MALENY Dairies co-owner Ross Hopper has had a tumultuous year.
It was three weeks ago today that employee Ted Gavey was injured by angle grinder discs while working in the dairy's maintenance shed. Tragically, the 59-year-old Currimundi man died that day from his injuries.
The period since the incident had been challenging, Mr Hopper said, as he worked out how to support his close-knit team.
Staff were deeply affected, and continued to receive counselling and talk about it at work, he said.
"They're really shocked - because it's a real family feel here, and it affected everyone," Mr Hopper said.
He had tried to help by answering questions as they were raised and not "fob them off".
There wasn't any suggestion the accident had been anyone's fault, Mr Hopper said, and he didn't think staff were worried about safety on their work site.
They were recovering, he said, and the stark reality for Mr Hopper was that the dairy had to go on.
Contracts with suppliers had to be met, meaning the factory remained in production.
"The accident threw a spanner in the works, sort of," he said.
"But everyone's moving on."
The hinterland dairy's 45-person staff received a welcome boost recently when January sales topped the company's record.
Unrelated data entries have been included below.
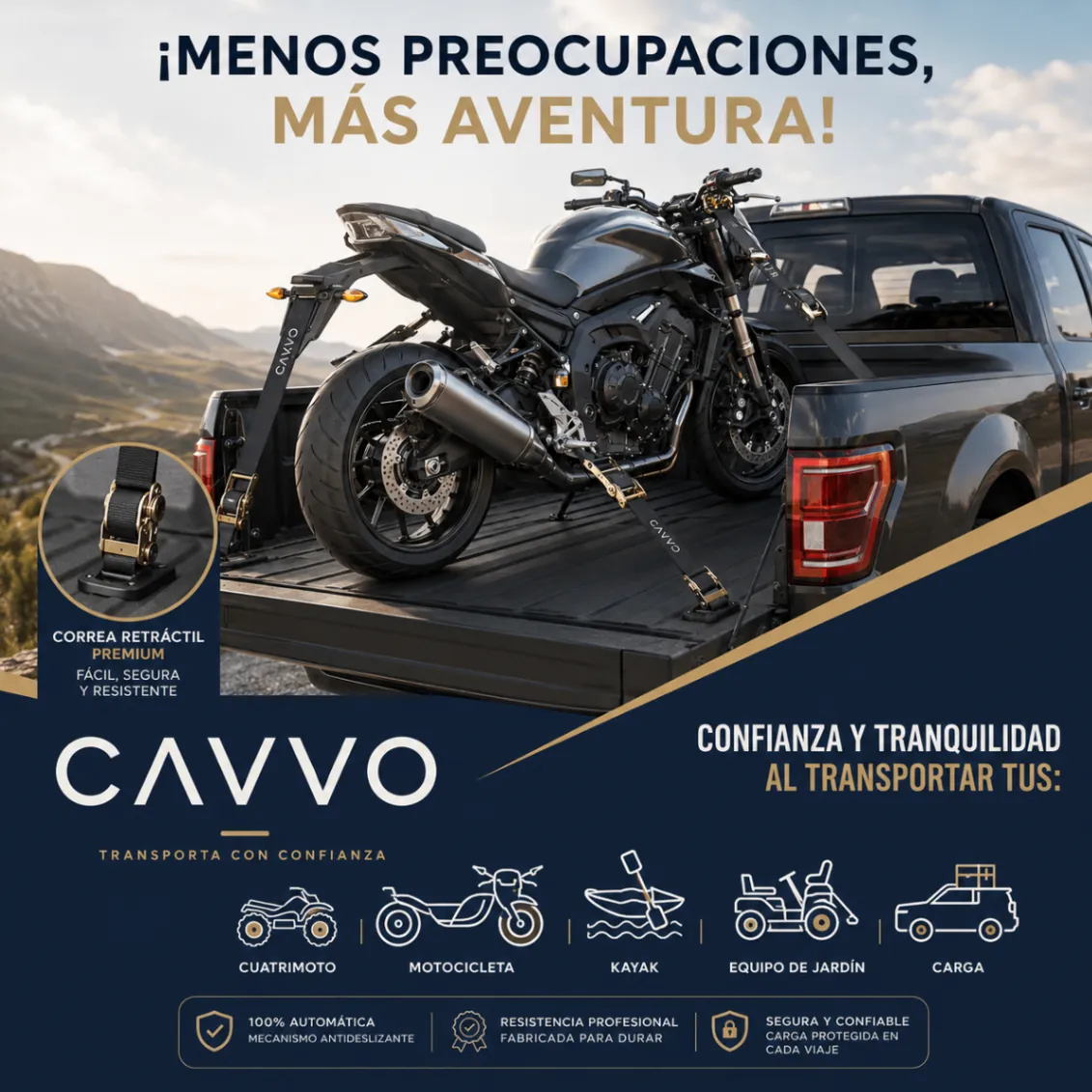 CAVVO en uso con una motocicleta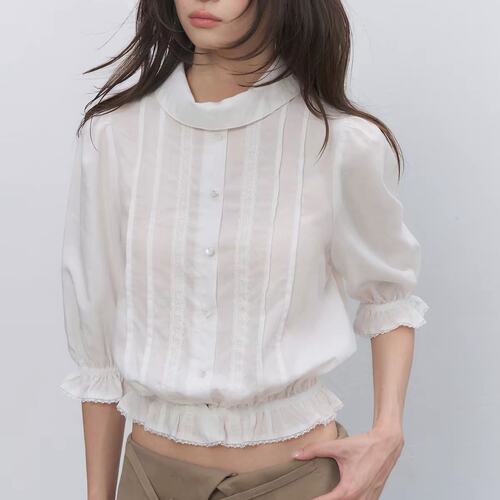 已出货 Soote Se缓序系列原创假两件花边圆领中袖短款衬衫上衣女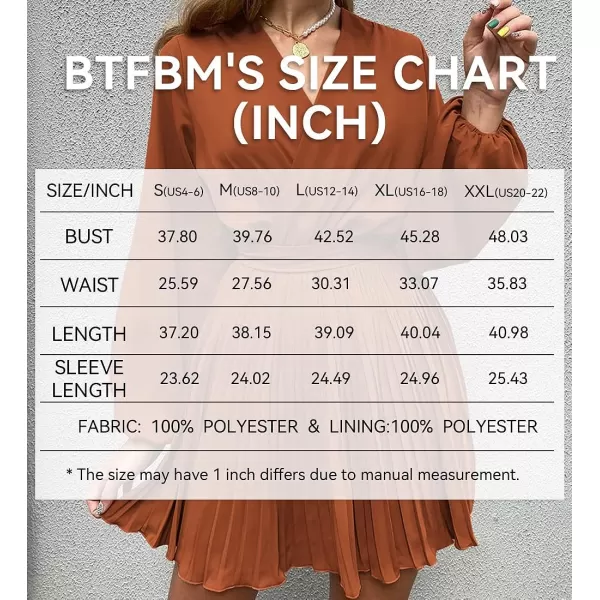 imageBTFBM Women Casual Summer Fall Dresses 2023 Boho Wrap V Neck Puff Long Sleeve Cocktail Flowy Pleated ALine Mini DressSolid Brick Red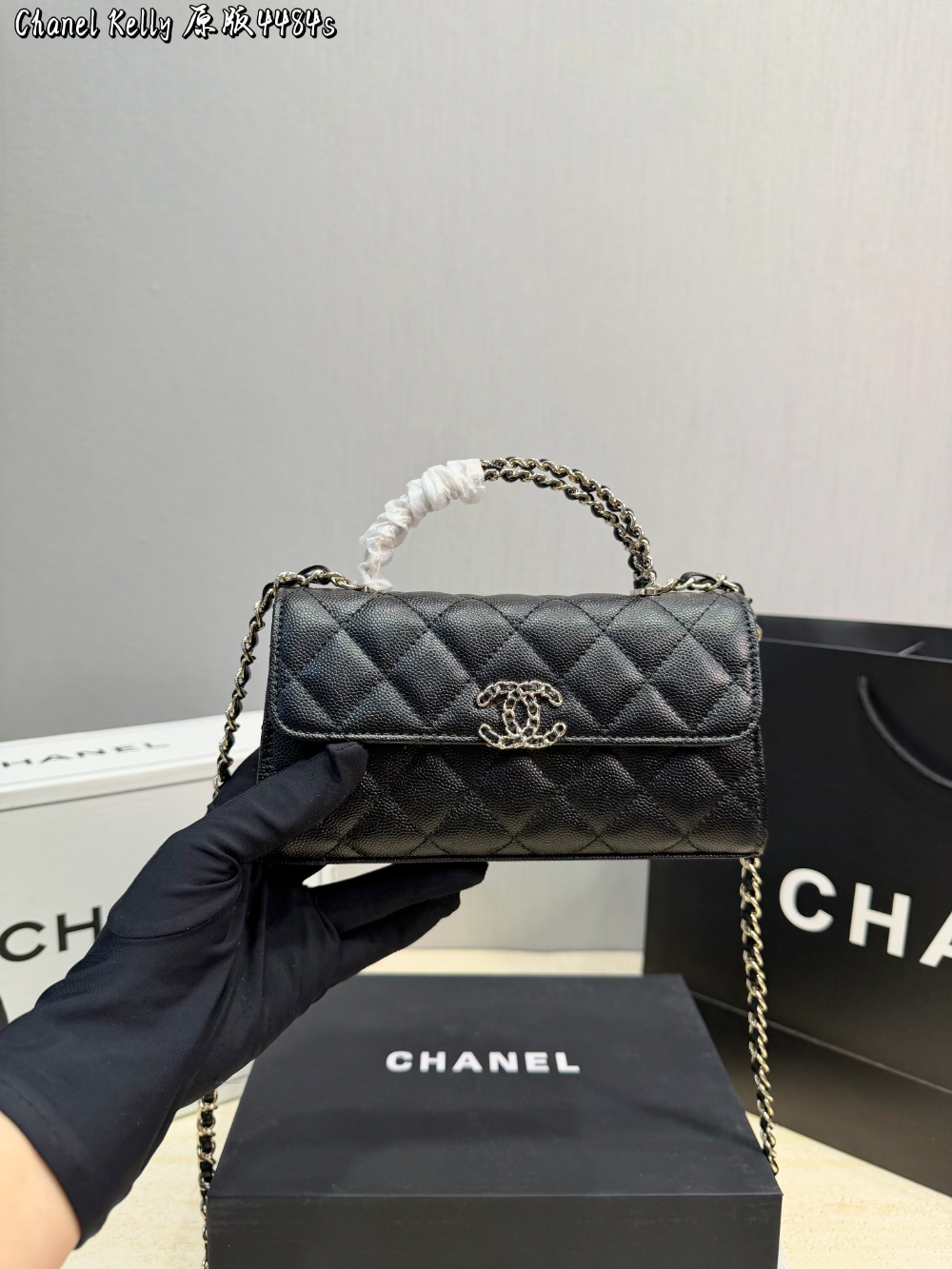 Black/White Handbag for Women 18x10x4.5cm CEM306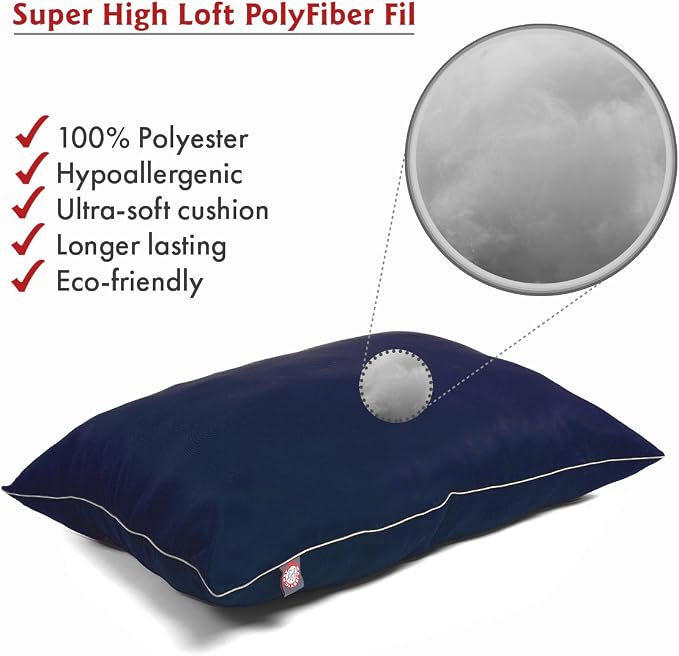 Majestic Pet Rectangle Medium Dog Bed Washable – Non Slip Comfy Pet Bed – Super Value Crate Pet Pillow – Puppy Kennel for Sleeping - Medium Breed 35 x 28 Inch – Solid Blue
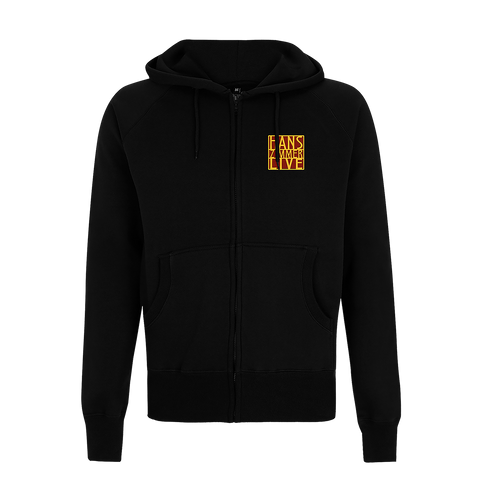 EMBROIDERED LOGO BLACK ZIP-UP HOODED SWEATSHIRT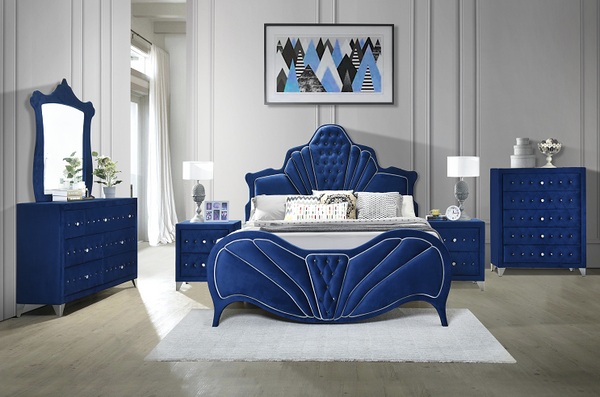 Dante Blue Velvet Eastern King Bed image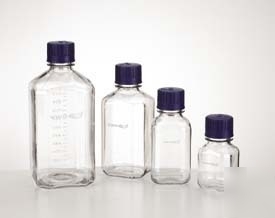 Vwr square media bottles, polycarbonate, : BPC0500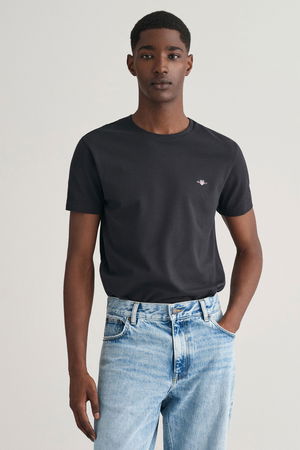 Gant Logo Baskılı  Erkek T-shirt SİYAH Gant Logo Baskılı  Erkek T-shirt SİYAH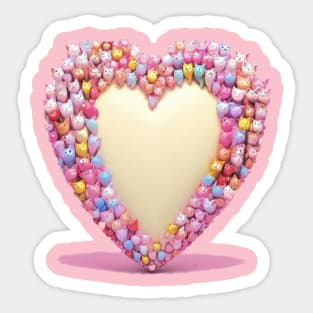 Valentines heart framed by lots of cute cats and kittens. Sticker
It was unusual for January, which is often a slow time, but Sunshine Coast businesses had profited from the good weather and increased visitation, and were ordering confidently, Mr Hopper said.
Maleny Dairies is one of 50 Sunshine Coast businesses who are part of the Food and Agribusiness Network, which launched in December and wants to see food production in the region double by 2030.
"We can double definitely and that's what we're aiming for," Mr Hopper said.